> **EXERCISE OBJECTIVE**
Your output should be the entries below, from the first line up to and including the line with "2020 Honda Ridgeline", reproduced exactly and with no other lines.

> **DATA**

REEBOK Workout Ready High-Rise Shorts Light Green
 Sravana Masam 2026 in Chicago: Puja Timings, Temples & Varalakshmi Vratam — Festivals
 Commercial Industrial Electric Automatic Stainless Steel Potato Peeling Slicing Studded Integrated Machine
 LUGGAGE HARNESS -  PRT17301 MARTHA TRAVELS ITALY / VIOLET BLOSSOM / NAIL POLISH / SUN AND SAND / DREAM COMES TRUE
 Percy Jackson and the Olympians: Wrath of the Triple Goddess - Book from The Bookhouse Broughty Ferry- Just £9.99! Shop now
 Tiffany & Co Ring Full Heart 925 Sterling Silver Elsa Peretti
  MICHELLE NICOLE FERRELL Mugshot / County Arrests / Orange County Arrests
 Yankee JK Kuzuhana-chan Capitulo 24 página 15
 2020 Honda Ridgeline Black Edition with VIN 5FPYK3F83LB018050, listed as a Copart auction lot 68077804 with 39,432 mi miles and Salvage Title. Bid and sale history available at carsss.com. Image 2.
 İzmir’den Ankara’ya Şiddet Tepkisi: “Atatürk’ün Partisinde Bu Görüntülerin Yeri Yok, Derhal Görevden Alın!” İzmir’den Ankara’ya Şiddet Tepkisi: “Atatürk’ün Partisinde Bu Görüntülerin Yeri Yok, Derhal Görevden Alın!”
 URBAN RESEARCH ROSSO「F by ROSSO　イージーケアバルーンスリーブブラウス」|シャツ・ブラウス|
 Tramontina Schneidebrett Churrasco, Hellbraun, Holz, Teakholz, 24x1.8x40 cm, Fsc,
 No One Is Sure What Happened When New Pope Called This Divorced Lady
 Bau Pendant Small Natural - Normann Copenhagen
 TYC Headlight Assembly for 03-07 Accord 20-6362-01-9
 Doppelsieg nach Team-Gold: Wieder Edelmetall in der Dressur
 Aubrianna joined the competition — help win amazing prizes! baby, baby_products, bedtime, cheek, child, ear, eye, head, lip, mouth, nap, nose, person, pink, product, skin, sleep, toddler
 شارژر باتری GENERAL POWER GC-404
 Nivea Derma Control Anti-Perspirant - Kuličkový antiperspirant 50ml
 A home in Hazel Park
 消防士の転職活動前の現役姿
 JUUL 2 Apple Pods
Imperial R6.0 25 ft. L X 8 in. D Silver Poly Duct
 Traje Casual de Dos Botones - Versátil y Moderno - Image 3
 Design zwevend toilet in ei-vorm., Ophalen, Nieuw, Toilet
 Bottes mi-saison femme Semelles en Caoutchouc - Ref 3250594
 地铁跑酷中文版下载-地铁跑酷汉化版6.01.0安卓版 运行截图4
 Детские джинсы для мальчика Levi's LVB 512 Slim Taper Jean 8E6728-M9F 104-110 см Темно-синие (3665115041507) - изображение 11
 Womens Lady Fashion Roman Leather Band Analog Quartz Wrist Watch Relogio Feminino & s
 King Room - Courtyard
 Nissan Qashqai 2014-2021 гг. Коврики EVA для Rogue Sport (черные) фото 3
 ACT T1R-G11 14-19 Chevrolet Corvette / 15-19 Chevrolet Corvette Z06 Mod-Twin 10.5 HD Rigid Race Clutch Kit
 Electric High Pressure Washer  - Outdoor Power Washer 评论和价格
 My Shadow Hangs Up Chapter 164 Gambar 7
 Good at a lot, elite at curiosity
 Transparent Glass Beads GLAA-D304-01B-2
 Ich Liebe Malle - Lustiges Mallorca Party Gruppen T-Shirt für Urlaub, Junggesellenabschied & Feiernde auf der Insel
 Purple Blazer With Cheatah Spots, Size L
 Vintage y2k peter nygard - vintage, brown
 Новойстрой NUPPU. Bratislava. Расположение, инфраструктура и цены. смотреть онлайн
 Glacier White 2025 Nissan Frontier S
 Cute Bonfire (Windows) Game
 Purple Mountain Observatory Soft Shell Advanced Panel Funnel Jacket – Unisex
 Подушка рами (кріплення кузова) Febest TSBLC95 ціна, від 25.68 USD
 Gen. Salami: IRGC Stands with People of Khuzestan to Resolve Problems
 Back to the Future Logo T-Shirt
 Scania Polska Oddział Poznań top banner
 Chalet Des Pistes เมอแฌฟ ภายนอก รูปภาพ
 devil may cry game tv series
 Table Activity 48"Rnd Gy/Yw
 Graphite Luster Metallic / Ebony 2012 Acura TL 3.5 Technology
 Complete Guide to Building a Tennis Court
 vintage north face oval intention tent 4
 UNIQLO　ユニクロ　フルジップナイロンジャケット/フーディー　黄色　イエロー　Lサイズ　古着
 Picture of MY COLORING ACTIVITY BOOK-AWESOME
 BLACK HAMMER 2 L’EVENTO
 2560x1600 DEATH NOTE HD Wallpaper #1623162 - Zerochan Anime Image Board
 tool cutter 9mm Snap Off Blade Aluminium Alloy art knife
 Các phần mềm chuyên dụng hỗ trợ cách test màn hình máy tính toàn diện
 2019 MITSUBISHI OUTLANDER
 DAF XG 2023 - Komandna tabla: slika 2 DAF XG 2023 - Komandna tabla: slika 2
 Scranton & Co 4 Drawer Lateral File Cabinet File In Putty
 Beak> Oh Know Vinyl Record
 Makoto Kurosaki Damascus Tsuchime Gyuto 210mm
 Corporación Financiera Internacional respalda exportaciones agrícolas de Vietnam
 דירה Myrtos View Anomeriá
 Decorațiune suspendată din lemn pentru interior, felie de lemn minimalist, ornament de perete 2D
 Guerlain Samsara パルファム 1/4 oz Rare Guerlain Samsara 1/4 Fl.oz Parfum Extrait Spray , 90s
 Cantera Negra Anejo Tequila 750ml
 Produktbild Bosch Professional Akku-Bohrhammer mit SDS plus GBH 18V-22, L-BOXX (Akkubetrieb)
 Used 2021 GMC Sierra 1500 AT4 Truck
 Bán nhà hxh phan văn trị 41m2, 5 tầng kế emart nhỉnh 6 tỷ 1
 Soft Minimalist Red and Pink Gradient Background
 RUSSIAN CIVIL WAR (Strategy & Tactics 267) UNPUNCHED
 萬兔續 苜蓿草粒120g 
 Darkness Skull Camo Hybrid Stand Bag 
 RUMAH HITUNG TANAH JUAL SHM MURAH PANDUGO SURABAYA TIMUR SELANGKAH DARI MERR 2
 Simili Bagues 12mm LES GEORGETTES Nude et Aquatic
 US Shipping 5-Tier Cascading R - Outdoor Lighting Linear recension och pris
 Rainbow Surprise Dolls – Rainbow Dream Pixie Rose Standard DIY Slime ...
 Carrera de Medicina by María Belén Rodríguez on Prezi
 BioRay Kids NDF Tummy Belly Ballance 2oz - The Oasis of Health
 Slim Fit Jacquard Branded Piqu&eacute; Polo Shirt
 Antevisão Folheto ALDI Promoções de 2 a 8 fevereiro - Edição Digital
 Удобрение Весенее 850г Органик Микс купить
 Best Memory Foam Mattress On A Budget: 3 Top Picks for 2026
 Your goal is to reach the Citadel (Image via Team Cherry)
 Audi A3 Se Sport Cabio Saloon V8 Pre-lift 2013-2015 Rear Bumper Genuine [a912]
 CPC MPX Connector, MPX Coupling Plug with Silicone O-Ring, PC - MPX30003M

> **RESULT**
REEBOK Workout Ready High-Rise Shorts Light Green
 Sravana Masam 2026 in Chicago: Puja Timings, Temples & Varalakshmi Vratam — Festivals
 Commercial Industrial Electric Automatic Stainless Steel Potato Peeling Slicing Studded Integrated Machine
 LUGGAGE HARNESS -  PRT17301 MARTHA TRAVELS ITALY / VIOLET BLOSSOM / NAIL POLISH / SUN AND SAND / DREAM COMES TRUE
 Percy Jackson and the Olympians: Wrath of the Triple Goddess - Book from The Bookhouse Broughty Ferry- Just £9.99! Shop now
 Tiffany & Co Ring Full Heart 925 Sterling Silver Elsa Peretti
  MICHELLE NICOLE FERRELL Mugshot / County Arrests / Orange County Arrests
 Yankee JK Kuzuhana-chan Capitulo 24 página 15
 2020 Honda Ridgeline Black Edition with VIN 5FPYK3F83LB018050, listed as a Copart auction lot 68077804 with 39,432 mi miles and Salvage Title. Bid and sale history available at carsss.com. Image 2.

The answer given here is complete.